While interacting with multiple images, there can be many unnamed and unwanted (dangling) images are being created. These can take a lot of space in the disk. Hence periodically it is required to purge  them from the system. Use the following to do the trick:

$ docker rmi $(docker images -q -f dangling=true)

Up to now, we used Docker run command to create containers. While creating it downloads the given image from the Docker Hub. This downloading to the local basically takes some time. If you want to save this time when you are creating the container, you can have the alternate route by first pulling the required template from the Docker Hub and then creating the container using the downloaded image. So here are the steps

// Pulling the image from Docker Hub
$ sudo docker pull fedora

// Creating a Docker Container using the pulled image
$ sudo docker run -i -t fedora /bin/bash

Now if you see, you will have 3 containers.

$ sudo docker ps -a

86476cec9907 fedora:latest ---
4d8b96d1f8b1 ubuntu:12.04  ---
c607547adce2 ubuntu:latest ---
Building your own Docker Images

There are two ways to do this.

Method (1). Via docker commit command

Method (2). Via docker build command with a Dockerfile (This is the recommended method)
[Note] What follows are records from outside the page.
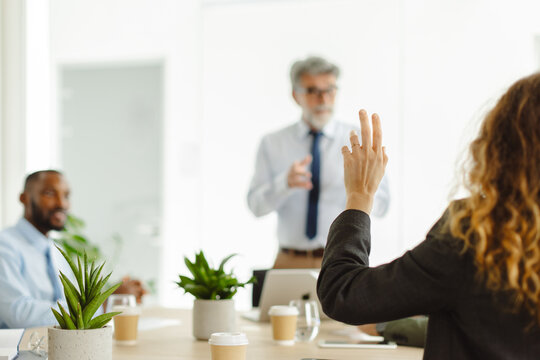 Businesswoman raises hand to ask question during office meeting
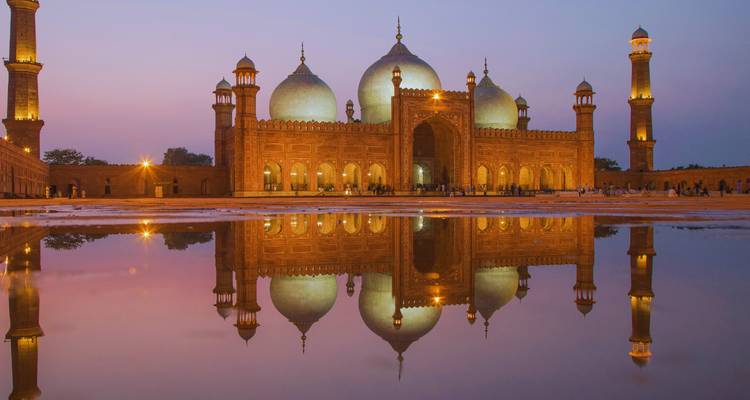 Badshahi Mosque illuminated at twilight reflecting perfectly in still water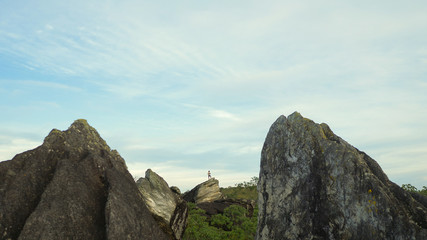 Man exploring nature with backpack and camera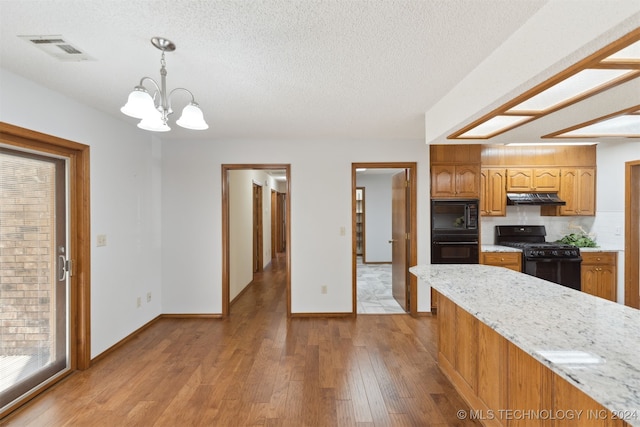 kitchen featuring a textured ceiling, black appliances, pendant lighting, a notable chandelier, and light hardwood / wood-style floors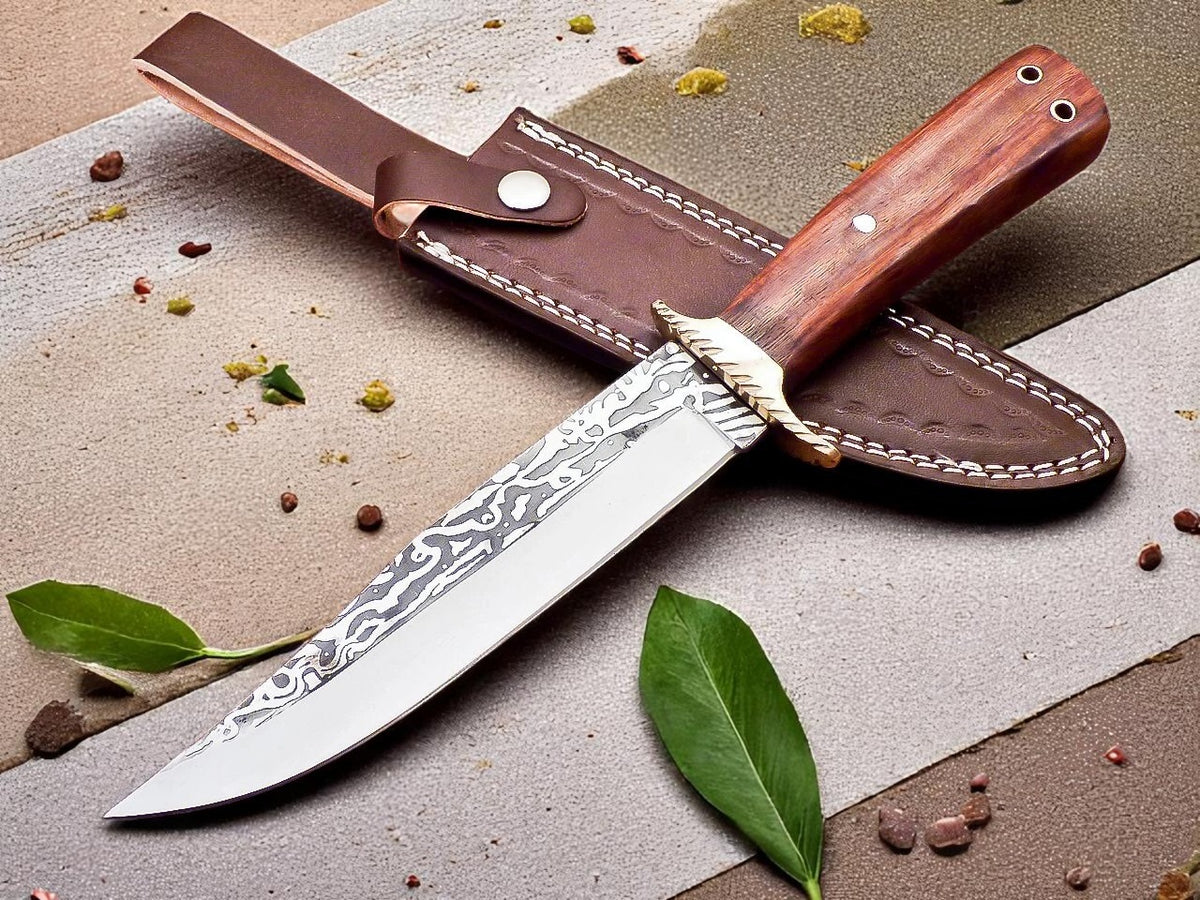Decorative knife with wooden handle and leather sheath on stone surface.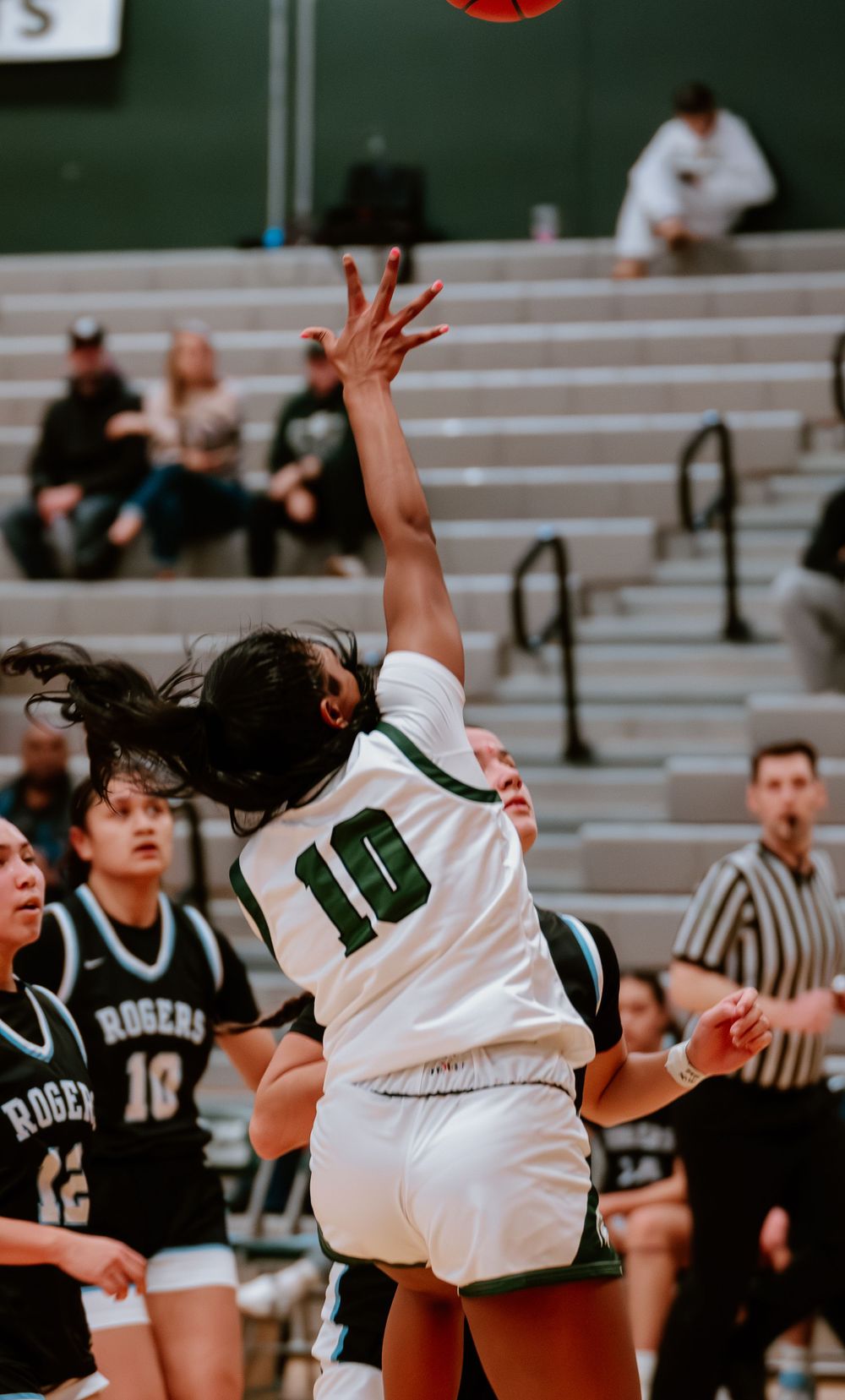 Basketball player in white jersey leaps high to grab rebound during intense game action.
To test method (1), first create a container using an already pulled image and then do some alteration to the image and then execute docker commit.

// Creating a Docker Container using an image
$ sudo docker run -i -t ubuntu:14.04 /bin/bash

// Alter the image
$ apt-get -yqq update
$ apt-get -y install apache2

// Committing the changes to the image
// Here, crishantha is the account created
// in the Docker Hub repository
// you may use Docker Hub or any other Docker repo
// 9b48a2b8850f is the Container ID of the contatiner

$ sudo docker commit 9b48a2b8850f crishantha/apache2

// List the Docker images
// Here the Docker altered image ID is shown
$ sudo docker images crishantha/apache2
crishantha/apache2 latest 0a33454e78e4 ....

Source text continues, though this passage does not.